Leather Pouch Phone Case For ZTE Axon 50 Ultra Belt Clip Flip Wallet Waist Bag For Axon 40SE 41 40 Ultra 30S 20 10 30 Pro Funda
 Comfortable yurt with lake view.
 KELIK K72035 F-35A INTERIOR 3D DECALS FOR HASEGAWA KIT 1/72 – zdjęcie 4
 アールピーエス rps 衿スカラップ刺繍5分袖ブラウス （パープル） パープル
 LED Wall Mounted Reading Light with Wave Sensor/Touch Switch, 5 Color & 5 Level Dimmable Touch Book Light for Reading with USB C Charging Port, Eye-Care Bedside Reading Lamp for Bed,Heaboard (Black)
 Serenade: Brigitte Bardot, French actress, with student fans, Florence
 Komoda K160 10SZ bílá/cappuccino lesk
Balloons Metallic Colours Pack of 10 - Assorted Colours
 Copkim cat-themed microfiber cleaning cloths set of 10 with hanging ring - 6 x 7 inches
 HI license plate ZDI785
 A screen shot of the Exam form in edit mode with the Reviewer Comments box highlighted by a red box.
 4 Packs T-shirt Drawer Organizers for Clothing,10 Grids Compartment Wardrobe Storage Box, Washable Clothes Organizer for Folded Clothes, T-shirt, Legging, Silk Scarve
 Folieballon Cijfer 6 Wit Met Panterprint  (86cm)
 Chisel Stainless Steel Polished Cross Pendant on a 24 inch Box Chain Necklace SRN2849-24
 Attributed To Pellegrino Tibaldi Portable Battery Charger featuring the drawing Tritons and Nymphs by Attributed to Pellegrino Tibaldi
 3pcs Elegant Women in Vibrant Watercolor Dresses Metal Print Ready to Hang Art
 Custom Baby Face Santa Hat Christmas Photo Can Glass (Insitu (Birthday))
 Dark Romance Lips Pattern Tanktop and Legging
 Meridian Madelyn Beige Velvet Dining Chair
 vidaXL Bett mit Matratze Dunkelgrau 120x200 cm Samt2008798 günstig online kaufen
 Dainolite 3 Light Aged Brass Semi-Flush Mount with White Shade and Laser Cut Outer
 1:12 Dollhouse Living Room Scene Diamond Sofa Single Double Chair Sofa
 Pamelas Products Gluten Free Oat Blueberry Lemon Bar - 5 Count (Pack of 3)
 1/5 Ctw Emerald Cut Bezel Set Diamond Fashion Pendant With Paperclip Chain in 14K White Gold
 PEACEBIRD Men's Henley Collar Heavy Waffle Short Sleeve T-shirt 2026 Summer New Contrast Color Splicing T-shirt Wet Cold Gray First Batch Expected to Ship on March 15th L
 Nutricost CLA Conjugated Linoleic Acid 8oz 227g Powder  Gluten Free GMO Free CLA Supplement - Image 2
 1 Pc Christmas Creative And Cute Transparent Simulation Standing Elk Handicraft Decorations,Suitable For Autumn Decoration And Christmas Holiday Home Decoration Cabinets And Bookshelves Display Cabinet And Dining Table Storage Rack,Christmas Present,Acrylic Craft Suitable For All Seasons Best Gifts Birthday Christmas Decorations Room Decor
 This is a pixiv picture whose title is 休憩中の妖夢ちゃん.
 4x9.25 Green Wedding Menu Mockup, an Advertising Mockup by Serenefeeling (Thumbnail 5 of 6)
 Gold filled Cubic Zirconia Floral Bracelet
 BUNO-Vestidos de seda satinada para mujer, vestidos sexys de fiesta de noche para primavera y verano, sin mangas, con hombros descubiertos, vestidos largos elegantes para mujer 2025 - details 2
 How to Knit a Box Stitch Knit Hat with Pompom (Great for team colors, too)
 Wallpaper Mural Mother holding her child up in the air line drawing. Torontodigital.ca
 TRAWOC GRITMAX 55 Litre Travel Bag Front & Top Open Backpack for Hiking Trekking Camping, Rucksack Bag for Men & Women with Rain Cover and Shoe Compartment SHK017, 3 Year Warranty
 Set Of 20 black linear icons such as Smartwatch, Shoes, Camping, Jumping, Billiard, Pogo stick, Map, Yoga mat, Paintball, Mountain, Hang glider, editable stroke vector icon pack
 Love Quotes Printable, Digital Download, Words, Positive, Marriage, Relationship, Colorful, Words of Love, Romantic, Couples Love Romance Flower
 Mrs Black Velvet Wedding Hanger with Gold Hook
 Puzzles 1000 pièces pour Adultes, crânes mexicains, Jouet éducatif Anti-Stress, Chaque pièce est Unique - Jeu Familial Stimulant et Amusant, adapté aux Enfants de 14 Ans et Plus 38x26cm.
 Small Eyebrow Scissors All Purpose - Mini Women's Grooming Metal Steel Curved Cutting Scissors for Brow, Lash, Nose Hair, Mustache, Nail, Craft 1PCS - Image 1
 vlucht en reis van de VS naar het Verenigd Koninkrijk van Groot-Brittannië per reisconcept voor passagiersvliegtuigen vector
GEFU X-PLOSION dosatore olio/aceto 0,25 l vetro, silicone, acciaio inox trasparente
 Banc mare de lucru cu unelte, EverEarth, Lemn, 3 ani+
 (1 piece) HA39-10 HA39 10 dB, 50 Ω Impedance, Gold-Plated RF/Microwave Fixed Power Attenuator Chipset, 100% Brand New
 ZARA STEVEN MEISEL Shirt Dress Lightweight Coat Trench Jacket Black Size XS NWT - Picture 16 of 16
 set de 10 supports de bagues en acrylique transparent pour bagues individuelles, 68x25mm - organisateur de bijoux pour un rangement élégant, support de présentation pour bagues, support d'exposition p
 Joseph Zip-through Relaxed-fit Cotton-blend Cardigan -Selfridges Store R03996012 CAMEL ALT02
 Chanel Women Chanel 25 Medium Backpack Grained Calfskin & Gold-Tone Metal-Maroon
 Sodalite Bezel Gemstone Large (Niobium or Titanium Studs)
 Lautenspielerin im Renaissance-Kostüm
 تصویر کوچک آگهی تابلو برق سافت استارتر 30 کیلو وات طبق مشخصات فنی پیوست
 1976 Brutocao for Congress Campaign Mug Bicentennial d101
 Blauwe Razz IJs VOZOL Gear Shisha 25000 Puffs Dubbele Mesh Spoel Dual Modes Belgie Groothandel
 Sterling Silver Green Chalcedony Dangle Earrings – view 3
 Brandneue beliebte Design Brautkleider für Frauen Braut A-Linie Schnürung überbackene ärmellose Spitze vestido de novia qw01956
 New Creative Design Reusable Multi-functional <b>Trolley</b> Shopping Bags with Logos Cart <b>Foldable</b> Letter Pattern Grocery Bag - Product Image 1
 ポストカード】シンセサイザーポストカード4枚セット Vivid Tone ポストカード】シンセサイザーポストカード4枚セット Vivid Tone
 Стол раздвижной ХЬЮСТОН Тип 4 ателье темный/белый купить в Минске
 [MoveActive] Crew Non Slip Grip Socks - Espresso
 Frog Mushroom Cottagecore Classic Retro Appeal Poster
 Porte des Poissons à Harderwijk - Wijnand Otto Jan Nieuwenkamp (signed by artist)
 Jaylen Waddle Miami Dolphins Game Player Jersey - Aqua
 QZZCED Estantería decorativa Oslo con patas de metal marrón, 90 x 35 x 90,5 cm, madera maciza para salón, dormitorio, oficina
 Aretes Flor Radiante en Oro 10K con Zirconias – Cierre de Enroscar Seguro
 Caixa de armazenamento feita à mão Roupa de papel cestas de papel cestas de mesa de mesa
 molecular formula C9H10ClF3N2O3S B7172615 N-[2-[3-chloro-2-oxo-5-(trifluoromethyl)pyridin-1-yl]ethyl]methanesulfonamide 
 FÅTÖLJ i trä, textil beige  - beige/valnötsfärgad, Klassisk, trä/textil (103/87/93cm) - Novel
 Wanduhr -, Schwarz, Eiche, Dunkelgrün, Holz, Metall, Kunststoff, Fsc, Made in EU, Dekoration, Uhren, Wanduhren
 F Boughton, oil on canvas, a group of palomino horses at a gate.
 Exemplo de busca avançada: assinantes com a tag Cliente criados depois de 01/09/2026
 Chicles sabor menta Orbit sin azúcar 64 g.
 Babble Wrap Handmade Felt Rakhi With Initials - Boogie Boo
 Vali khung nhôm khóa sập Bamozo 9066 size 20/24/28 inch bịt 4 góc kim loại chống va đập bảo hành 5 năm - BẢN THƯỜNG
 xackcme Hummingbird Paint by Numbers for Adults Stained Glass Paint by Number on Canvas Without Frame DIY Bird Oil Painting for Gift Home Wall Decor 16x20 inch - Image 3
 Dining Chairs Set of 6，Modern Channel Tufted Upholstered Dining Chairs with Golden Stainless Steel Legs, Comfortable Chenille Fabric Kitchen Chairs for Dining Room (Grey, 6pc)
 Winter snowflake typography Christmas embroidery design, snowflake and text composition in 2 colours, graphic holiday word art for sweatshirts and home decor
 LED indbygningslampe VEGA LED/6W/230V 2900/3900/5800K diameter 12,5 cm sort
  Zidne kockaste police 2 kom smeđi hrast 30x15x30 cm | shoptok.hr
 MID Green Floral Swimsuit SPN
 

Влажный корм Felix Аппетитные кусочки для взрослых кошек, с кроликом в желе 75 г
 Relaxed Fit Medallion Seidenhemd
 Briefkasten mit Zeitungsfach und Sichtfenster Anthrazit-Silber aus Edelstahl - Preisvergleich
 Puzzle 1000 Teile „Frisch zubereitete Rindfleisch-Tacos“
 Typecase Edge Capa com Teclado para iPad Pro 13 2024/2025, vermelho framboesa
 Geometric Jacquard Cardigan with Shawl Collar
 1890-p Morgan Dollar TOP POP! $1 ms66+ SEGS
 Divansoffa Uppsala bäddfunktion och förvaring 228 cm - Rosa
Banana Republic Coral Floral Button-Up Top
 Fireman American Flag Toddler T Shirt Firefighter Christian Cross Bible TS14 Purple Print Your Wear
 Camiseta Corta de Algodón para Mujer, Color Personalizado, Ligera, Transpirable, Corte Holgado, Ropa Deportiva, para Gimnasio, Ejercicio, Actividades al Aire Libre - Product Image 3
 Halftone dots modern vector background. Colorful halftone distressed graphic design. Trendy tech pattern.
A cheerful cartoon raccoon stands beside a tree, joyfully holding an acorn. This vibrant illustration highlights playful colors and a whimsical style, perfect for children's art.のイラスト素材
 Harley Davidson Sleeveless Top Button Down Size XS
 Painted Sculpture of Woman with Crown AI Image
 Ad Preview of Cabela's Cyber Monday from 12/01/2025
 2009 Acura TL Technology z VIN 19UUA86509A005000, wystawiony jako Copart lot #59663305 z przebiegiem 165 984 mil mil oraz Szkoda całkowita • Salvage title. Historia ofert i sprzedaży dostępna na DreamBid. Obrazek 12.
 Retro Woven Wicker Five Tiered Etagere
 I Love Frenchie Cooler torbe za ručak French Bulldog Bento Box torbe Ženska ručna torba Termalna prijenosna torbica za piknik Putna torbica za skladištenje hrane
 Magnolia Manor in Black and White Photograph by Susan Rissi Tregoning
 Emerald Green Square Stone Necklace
┄┄┄┄┄┄┄┄┄┄┄┄┄┄┄┄┄┄┄┄
Exercise goal: With the first line of the material as the start and the line containing "Komoda K160 10SZ bílá/cappuccino lesk" as the end, repeat that span exactly and add nothing.

Answer section:
Leather Pouch Phone Case For ZTE Axon 50 Ultra Belt Clip Flip Wallet Waist Bag For Axon 40SE 41 40 Ultra 30S 20 10 30 Pro Funda
 Comfortable yurt with lake view.
 KELIK K72035 F-35A INTERIOR 3D DECALS FOR HASEGAWA KIT 1/72 – zdjęcie 4
 アールピーエス rps 衿スカラップ刺繍5分袖ブラウス （パープル） パープル
 LED Wall Mounted Reading Light with Wave Sensor/Touch Switch, 5 Color & 5 Level Dimmable Touch Book Light for Reading with USB C Charging Port, Eye-Care Bedside Reading Lamp for Bed,Heaboard (Black)
 Serenade: Brigitte Bardot, French actress, with student fans, Florence
 Komoda K160 10SZ bílá/cappuccino lesk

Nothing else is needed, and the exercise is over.